* [Task to carry out]: Could you transcribe exactly the lines from the one containing "菏澤石油企業(yè)TOP10榜單揭曉，行業(yè)巨頭背后的力量揭秘" through the end of the listing below, both included, but none of the pictures?

━━━ Provided material

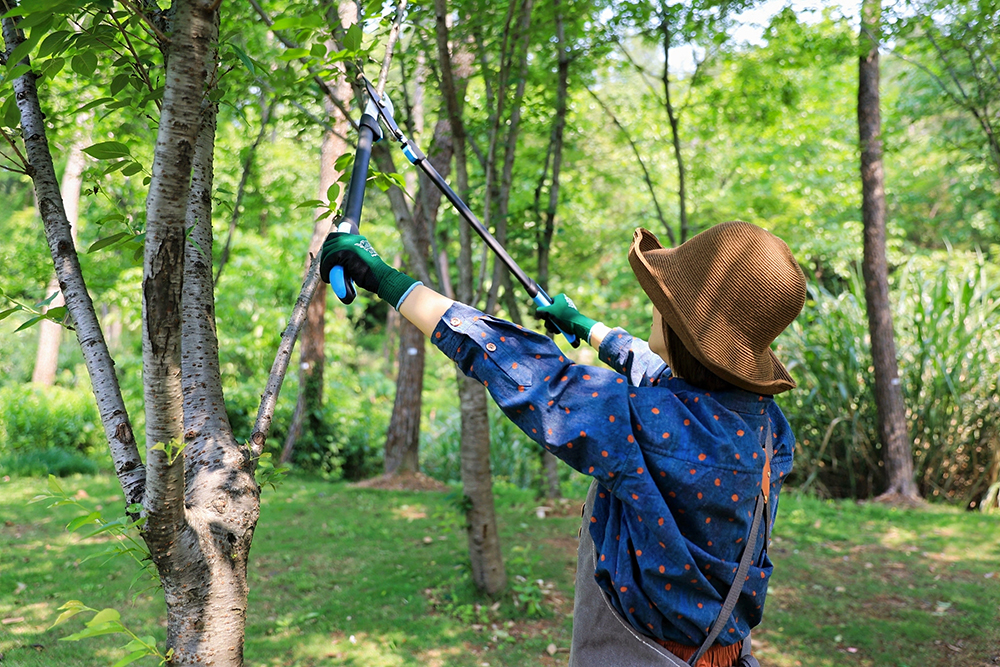 hand pruner application1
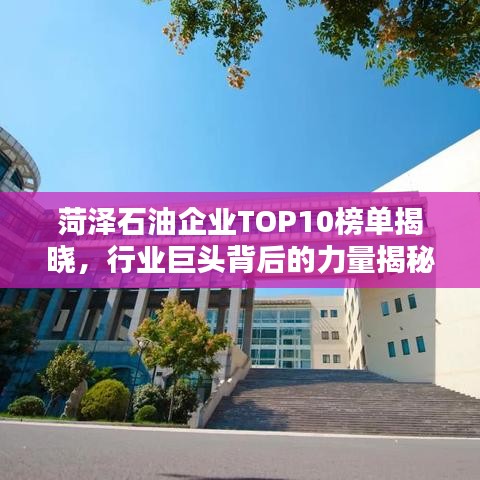 菏澤石油企業(yè)TOP10榜單揭曉，行業(yè)巨頭背后的力量揭秘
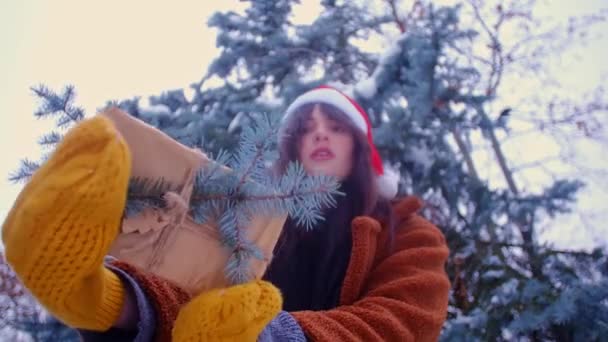 Женщина Держит Завернутый Рождественский Подарок Зимнем Лесу Праздничный Подарок Заснеженном — стоковое видео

━━━━━━

* [Written answer]:
 菏澤石油企業(yè)TOP10榜單揭曉，行業(yè)巨頭背后的力量揭秘
 Женщина Держит Завернутый Рождественский Подарок Зимнем Лесу Праздничный Подарок Заснеженном — стоковое видео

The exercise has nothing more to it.